_EXERCISE REQUIREMENTS_: Copy the material below exactly, but only from the line with "Imagem de Poltrona" onward, the final line included.

TASK INPUT START

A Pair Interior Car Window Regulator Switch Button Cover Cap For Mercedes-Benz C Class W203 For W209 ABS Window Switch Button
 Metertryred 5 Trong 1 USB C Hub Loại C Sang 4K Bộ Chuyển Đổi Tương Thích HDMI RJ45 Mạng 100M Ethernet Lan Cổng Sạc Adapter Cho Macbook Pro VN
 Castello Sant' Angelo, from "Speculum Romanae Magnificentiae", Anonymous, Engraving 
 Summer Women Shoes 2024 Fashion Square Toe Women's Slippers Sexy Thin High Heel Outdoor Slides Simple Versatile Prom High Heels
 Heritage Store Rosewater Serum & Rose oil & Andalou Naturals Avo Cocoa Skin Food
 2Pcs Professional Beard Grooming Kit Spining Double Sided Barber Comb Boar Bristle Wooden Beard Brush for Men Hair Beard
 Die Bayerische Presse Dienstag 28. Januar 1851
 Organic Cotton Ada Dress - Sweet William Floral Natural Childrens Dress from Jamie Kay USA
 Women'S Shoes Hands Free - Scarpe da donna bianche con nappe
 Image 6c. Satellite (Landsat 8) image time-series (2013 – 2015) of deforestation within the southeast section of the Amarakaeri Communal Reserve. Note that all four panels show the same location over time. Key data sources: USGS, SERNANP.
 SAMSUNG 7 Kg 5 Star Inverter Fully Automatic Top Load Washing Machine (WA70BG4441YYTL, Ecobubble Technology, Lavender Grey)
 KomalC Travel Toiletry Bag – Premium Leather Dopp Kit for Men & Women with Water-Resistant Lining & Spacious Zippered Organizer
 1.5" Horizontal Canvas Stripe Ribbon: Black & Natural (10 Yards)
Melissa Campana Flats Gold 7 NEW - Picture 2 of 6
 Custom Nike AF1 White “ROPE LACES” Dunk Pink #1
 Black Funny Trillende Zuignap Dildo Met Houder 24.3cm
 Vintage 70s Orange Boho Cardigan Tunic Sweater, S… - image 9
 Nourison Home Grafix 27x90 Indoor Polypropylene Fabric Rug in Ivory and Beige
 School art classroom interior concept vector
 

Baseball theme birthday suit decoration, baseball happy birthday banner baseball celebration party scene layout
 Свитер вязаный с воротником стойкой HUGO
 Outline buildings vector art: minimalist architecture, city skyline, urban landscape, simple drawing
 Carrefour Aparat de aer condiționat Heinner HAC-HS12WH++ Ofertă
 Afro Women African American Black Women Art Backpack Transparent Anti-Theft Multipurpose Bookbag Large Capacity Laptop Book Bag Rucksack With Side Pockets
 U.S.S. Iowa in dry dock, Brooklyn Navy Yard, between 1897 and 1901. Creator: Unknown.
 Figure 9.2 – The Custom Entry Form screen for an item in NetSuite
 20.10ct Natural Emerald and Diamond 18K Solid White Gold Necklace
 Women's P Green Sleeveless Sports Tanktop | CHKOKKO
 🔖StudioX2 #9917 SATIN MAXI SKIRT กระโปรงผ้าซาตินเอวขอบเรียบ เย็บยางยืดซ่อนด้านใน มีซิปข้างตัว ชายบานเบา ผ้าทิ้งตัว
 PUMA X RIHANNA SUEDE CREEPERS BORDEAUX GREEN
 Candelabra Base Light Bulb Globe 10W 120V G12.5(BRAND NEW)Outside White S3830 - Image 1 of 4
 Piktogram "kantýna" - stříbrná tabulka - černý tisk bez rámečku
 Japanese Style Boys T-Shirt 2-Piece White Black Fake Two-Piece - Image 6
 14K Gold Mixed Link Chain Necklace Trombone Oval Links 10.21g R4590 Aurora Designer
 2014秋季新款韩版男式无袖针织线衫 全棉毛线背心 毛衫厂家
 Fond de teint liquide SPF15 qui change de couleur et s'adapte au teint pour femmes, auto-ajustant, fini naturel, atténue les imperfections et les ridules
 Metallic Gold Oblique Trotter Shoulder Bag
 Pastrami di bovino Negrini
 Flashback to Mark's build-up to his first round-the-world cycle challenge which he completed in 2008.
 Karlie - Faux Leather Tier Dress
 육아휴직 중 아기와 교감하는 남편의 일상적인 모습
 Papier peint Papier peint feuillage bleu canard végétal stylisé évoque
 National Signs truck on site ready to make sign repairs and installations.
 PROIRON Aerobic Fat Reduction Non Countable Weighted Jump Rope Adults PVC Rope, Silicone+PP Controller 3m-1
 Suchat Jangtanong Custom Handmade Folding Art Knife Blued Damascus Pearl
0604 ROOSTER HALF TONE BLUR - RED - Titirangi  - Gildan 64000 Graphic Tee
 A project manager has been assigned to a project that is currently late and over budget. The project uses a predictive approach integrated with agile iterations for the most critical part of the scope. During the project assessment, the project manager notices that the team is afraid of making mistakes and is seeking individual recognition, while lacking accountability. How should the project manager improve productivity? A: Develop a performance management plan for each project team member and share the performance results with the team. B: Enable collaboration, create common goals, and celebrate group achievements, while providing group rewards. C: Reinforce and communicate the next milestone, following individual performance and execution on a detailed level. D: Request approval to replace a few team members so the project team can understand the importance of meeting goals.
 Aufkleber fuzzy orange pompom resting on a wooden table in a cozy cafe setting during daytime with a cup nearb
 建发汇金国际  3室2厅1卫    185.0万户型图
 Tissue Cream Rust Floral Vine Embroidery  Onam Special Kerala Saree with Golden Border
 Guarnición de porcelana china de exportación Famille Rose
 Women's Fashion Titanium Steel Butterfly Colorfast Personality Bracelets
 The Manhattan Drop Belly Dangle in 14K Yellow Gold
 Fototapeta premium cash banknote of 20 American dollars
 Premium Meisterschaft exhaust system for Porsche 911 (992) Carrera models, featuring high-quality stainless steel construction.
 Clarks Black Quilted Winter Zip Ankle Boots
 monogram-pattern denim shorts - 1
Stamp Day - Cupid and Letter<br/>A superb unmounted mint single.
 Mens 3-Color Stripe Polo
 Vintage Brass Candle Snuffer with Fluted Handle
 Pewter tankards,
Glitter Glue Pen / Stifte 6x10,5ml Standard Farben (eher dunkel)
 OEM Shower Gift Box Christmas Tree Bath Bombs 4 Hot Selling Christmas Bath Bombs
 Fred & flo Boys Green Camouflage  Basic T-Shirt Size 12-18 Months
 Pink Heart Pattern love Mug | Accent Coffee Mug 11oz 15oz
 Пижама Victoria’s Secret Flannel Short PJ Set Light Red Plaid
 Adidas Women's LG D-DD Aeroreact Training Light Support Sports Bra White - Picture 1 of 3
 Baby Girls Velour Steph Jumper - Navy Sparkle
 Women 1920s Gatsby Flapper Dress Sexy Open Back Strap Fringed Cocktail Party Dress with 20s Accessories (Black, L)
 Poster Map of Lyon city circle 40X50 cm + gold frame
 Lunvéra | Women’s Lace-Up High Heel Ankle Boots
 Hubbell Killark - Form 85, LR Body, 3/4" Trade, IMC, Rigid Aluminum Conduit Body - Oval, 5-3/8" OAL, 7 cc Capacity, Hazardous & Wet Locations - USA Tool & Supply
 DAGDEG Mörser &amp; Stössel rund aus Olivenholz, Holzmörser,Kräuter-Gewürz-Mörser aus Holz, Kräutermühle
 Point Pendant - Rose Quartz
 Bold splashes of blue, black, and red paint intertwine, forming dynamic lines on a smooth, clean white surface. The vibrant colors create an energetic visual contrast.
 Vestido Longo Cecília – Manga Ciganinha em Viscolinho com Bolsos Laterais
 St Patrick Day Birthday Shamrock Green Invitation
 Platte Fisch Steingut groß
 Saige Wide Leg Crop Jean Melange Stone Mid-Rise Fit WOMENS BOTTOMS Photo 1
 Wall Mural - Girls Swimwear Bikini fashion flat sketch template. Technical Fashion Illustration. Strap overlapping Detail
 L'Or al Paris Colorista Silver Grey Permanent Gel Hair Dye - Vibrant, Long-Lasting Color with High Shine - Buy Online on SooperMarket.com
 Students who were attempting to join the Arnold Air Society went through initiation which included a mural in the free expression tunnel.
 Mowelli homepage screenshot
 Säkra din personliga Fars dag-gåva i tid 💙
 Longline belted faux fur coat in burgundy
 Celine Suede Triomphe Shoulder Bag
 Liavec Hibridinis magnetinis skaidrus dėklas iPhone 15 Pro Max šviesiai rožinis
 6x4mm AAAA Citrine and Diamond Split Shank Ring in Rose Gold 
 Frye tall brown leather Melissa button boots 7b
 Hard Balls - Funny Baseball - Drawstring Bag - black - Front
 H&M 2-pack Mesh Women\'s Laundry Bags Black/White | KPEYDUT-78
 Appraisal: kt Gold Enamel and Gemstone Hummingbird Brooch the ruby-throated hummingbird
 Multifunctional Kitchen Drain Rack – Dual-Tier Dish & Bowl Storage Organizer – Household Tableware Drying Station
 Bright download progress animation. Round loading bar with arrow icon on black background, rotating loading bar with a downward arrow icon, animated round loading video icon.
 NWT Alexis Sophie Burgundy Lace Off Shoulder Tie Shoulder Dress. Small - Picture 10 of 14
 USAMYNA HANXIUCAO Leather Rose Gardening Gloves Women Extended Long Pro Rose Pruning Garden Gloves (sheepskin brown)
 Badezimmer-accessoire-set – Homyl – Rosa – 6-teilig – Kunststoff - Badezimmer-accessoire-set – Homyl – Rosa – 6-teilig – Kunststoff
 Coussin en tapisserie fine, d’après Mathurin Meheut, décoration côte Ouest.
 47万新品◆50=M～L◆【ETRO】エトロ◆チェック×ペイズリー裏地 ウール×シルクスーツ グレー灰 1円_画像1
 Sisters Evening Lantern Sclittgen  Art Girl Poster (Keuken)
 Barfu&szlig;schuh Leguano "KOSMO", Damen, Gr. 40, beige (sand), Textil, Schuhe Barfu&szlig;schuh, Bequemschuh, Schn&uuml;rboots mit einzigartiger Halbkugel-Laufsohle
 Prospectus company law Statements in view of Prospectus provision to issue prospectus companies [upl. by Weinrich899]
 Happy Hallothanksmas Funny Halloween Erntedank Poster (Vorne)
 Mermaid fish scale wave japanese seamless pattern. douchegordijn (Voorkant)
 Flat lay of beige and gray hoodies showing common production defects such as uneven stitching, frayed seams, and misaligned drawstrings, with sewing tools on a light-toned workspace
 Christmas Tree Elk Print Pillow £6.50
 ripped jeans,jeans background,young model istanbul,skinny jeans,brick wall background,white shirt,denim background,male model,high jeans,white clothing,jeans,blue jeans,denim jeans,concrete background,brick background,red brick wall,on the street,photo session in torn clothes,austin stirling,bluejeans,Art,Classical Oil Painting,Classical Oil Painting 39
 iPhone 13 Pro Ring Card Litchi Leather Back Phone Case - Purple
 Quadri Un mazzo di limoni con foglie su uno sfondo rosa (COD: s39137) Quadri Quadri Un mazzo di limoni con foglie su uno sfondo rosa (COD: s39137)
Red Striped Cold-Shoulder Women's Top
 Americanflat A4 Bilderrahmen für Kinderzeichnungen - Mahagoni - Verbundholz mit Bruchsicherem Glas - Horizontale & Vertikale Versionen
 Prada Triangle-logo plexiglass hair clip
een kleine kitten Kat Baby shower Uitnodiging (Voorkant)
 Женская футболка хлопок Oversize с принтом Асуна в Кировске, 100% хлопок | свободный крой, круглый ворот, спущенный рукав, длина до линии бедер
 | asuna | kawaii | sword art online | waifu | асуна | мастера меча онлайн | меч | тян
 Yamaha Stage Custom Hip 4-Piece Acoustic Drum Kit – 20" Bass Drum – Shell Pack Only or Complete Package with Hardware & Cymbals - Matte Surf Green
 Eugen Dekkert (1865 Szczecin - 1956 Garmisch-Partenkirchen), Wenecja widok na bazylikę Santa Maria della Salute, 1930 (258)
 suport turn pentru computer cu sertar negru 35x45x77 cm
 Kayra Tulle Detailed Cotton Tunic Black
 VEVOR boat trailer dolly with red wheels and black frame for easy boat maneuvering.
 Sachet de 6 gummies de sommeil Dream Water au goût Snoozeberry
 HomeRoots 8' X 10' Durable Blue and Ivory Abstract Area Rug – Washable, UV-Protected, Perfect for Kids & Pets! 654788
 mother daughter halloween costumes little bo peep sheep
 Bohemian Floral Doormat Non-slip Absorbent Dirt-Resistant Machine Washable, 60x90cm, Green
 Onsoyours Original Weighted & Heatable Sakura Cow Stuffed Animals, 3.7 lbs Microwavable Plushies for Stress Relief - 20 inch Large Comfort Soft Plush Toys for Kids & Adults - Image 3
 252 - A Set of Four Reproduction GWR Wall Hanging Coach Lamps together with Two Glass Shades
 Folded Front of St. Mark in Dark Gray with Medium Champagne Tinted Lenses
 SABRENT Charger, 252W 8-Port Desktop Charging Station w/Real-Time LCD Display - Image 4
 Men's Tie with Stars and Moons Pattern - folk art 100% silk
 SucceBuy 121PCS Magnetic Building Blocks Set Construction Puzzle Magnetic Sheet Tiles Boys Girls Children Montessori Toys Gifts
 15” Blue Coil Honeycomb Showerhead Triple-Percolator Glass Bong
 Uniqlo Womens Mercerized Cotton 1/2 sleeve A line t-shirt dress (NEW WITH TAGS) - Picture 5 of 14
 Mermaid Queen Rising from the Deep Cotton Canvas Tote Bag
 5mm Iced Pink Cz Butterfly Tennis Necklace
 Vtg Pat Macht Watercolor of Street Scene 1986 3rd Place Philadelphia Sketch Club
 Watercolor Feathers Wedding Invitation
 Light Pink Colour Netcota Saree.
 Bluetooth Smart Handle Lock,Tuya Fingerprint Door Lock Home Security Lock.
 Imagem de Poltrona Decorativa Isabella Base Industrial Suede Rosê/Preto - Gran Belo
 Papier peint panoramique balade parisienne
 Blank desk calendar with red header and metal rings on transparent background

TASK INPUT END

_OUTPUT FOR THIS TASK_:
 Imagem de Poltrona Decorativa Isabella Base Industrial Suede Rosê/Preto - Gran Belo
 Papier peint panoramique balade parisienne
 Blank desk calendar with red header and metal rings on transparent background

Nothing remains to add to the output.